Ainsi, la rédaction actuelle de l’article peut permettre aux autorités de poursuivre en justice sur des accusations liées au terrorisme des individus ayant commis des crimes non létaux. Parmi les possibilités énoncées par l’article il y a : l’entrave à la circulation ou la liberté de mouvement, l’occupation des places publiques, l’atteinte aux symboles de la Nation et aux moyens de communication, la profanation des sépultures et la dégradation des installations. Cette myriade d’options soulève de vives inquiétudes quant à leur nécessité et leur proportionnalité, deux principes fondateurs du droit international des droits de l’Homme, et éloigne la législation nationale des principes de base contenus dans les traités internationaux sur le terrorisme, la résolution 1566 du Conseil de sécurité des Nations unies, et la définition modèle d’actes de terrorisme mentionné antérieurement. À cet égard, nous rappelons que les crimes qui n’ont pas la qualité de terrorisme, quelle que soit leur gravité, ne doivent pas être traités par la législation antiterroriste. Nous notons que l’approche cumulative utilisée dans la définition modèle mentionnée ci-dessus agit comme un paramètre de sécurité pour garantir que seul un comportement de nature véritablement terroriste puisse être identifié comme tel au regard du droit et de la pratique des États.8

De plus, l’inclusion de la formule «moyens non constitutionnels» dans l’article 87 bis pourrait aussi avoir un impact nuisible sur les libertés d’expression, d’association et de réunion pacifique, compte tenu du contexte socio-politique algérien actuel. Cette expression pourrait effectivement être employé à l’encontre de militants et manifestants non violents cherchant à faire avancer leur mouvement et leurs revendications par des canaux autres que ceux proposés par le cadre institutionnel établi par les autorités. Toute critique ou opposition au système de gouvernance tel qu’établi par la Constitution de 2020 pourrait potentiellement être soumise au champ d’application de cet article.

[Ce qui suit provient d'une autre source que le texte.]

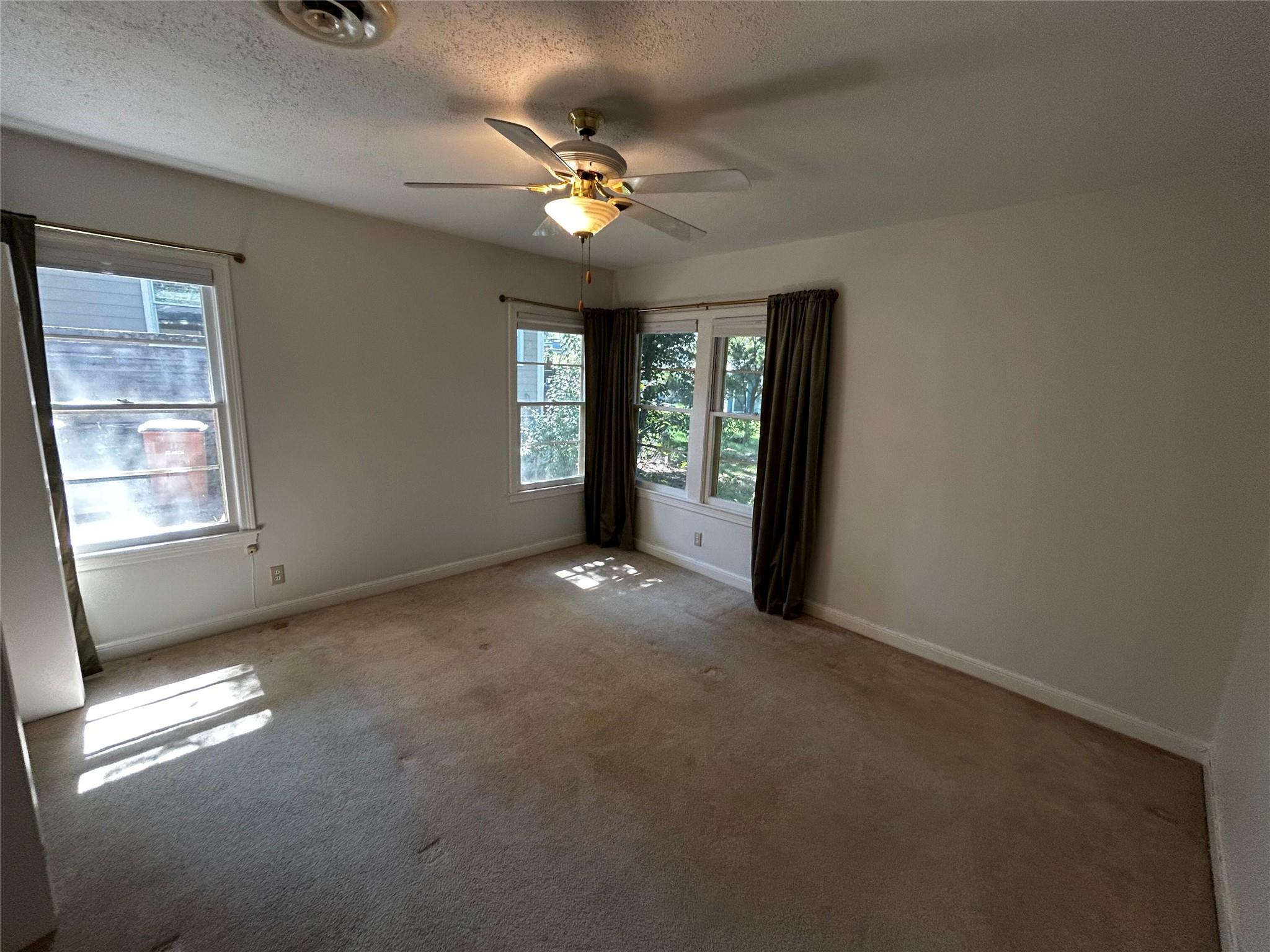 2707 White Horse TRL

Le caractère imprécis de cette définition et les répercussions négatives que celle-ci pourrait avoir en matière de droits fondamentaux ont déjà été mis en exergue en 2018 à travers l’examen du quatrième rapport périodique de l’Algérie. À cette occasion, le Comité des droits de l’Homme avait souligné dans ses Observations finales que cette définition pourrait permettre « la poursuite de comportements qui peuvent relever de la pratique de l’exercice de la liberté d’expression ou de rassemblement pacifique ». Le Comité, après avoir exprimé son inquiétude face aux allégations faisant état de l’utilisation détournée des normes antiterroristes pour poursuivre des défenseurs des droits humains ou des journalistes, a recommandé au Gouvernement de votre Excellence de réviser cet article pour l’adapter aux bonnes pratiques du droit international.9 Nous regrettons que la nouvelle rédaction aille dans la direction opposée aux recommandations émises par le Comité.

Instauration de la liste nationale des personnes et entités terroristes :

L’Ordonnance 20-08 introduit, par son article 3, l’article 87 bis 13 dans le Code pénal, prévoyant qu’ :

« Il est institué une liste nationale des personnes et entités terroristes qui commettent l’un des actes prévus à l’article 87 bis du présent code, qui sont classifiées « personne terroriste » ou « entité terroriste », par la commission de classification des personnes et entités terroristes, appelée ci-après la « commission ».

Aucune personne ou entité, n’est inscrite sur la liste mentionnée au présent article, que si elle fait l’objet d’enquête préliminaire, de poursuite pénale, ou dont la culpabilité est déclarée par un jugement ou un arrêt.

Il est entendu par entité au sens du présent article, toute association, corps, groupe ou organisation, quelle que soit leur forme ou dénomination, dont le but ou les activités tombent sous le coup des dispositions de l’article 87 bis du présent code.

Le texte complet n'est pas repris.